▶ _What to produce_:
Please transcribe every entry below exactly, without including the pictures.

[Image-text web data]
....

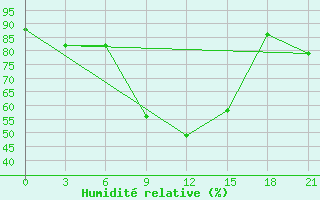 Courbe de l'humidit relative pour Sura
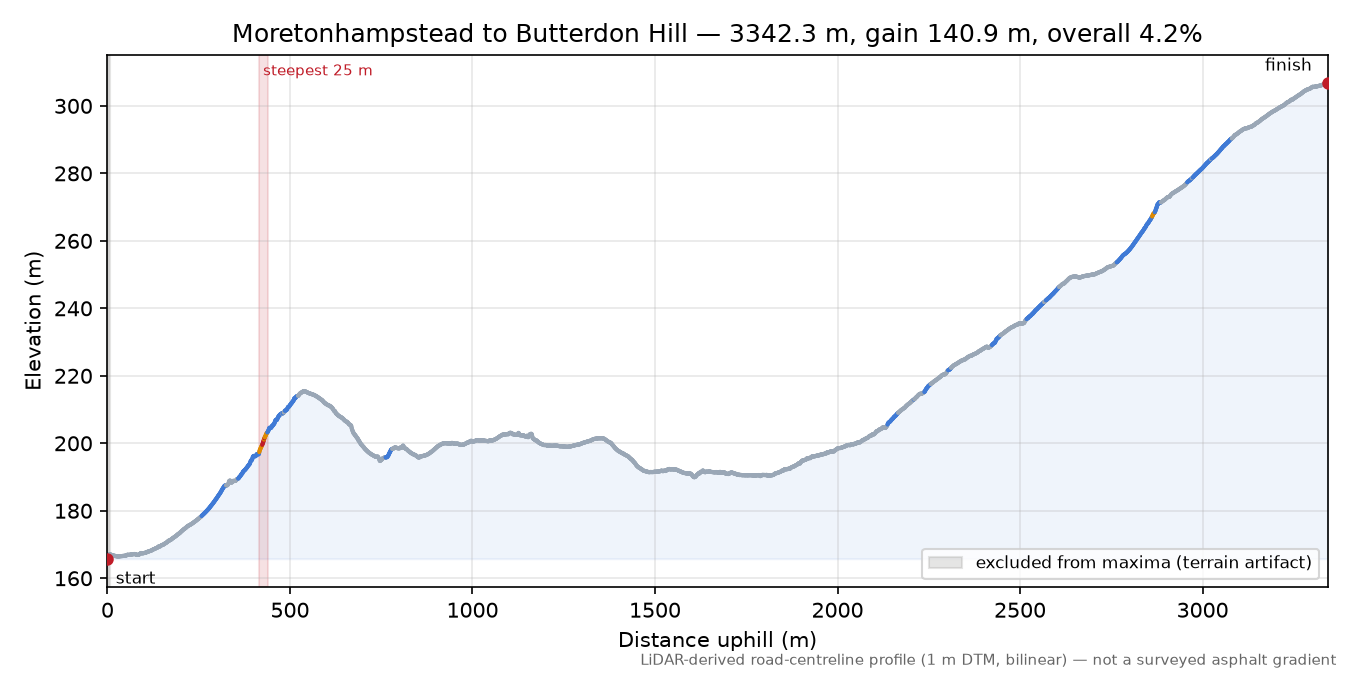 Moretonhampstead to Butterdon Hill elevation profile
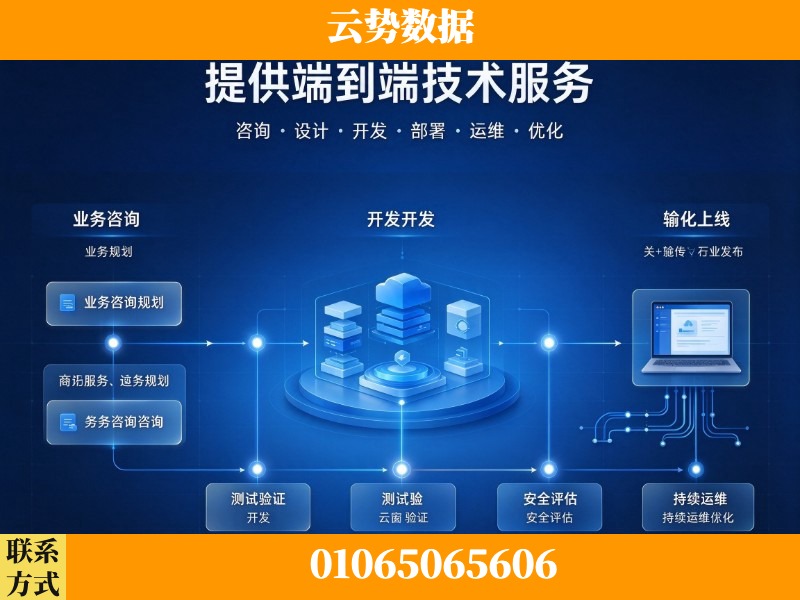 三亚-提供端到端技术服务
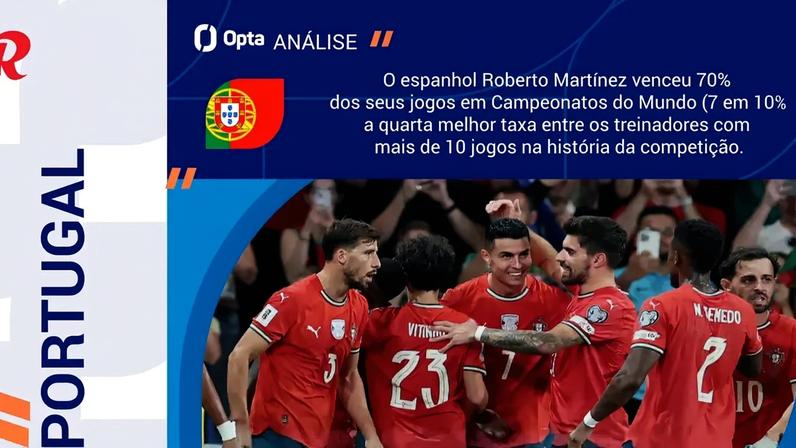 Jogo da 1.ª jornada do Grupo K
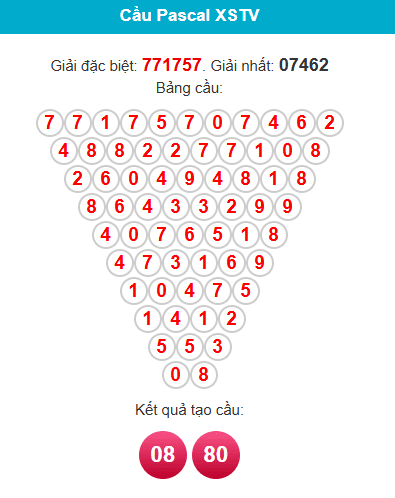 pascal-tra-vinh-ngay-24-4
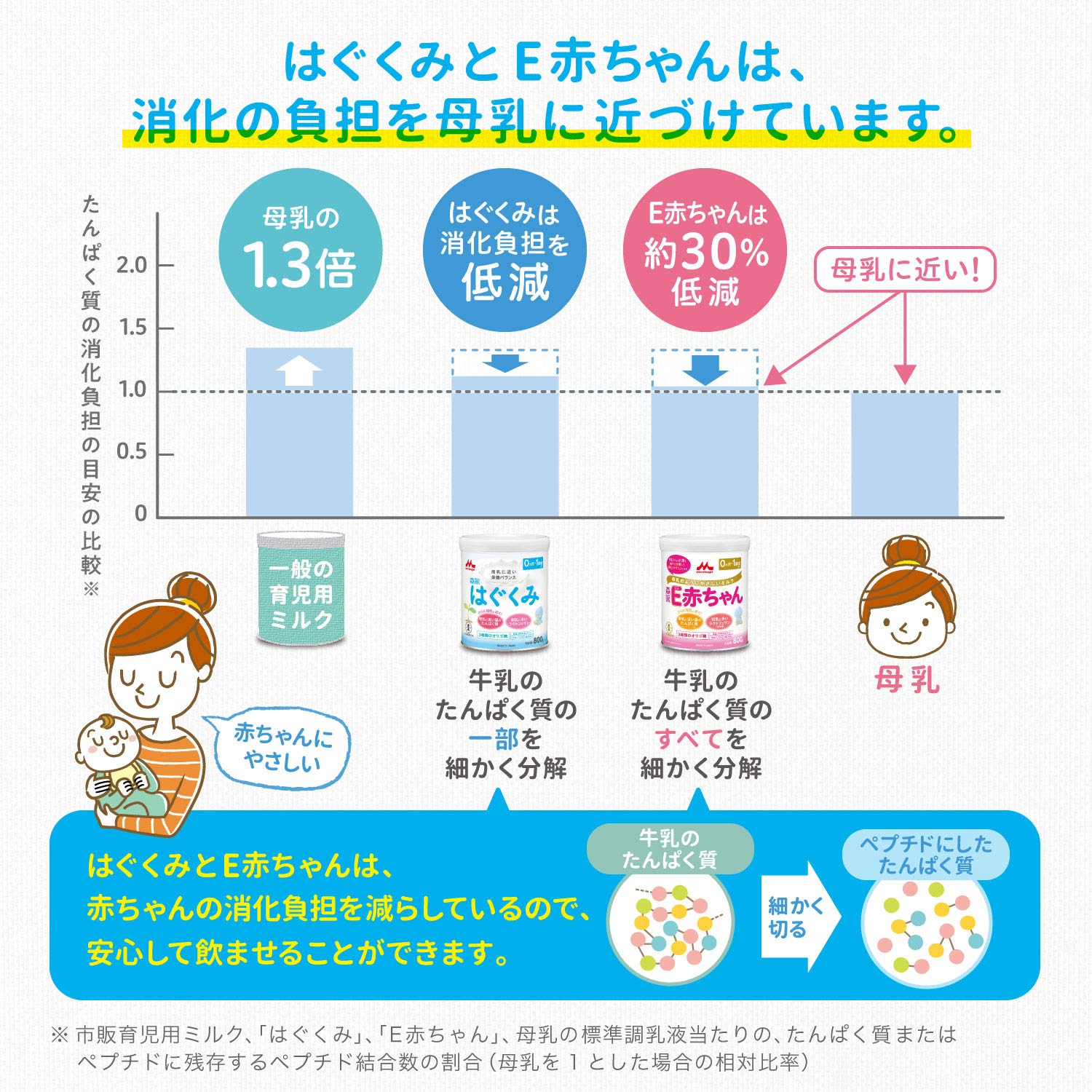森永乳業 粉末 森永 ドライミルク はぐくみ エコらくパック つめかえ用 800g(400g×2袋) ×6セット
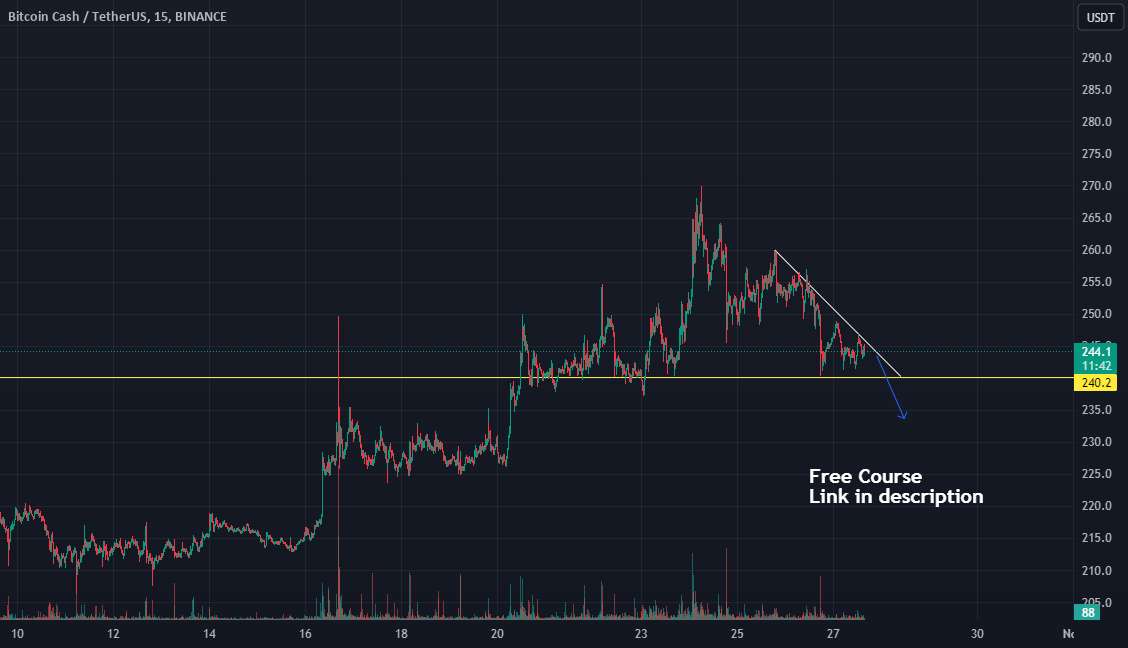 BCH دارای حرکت اصلاحی است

....

▶ _Written answer_:
 Courbe de l'humidit relative pour Sura
 Moretonhampstead to Butterdon Hill elevation profile
 三亚-提供端到端技术服务
 Jogo da 1.ª jornada do Grupo K
 pascal-tra-vinh-ngay-24-4
森永乳業 粉末 森永 ドライミルク はぐくみ エコらくパック つめかえ用 800g(400g×2袋) ×6セット
 BCH دارای حرکت اصلاحی است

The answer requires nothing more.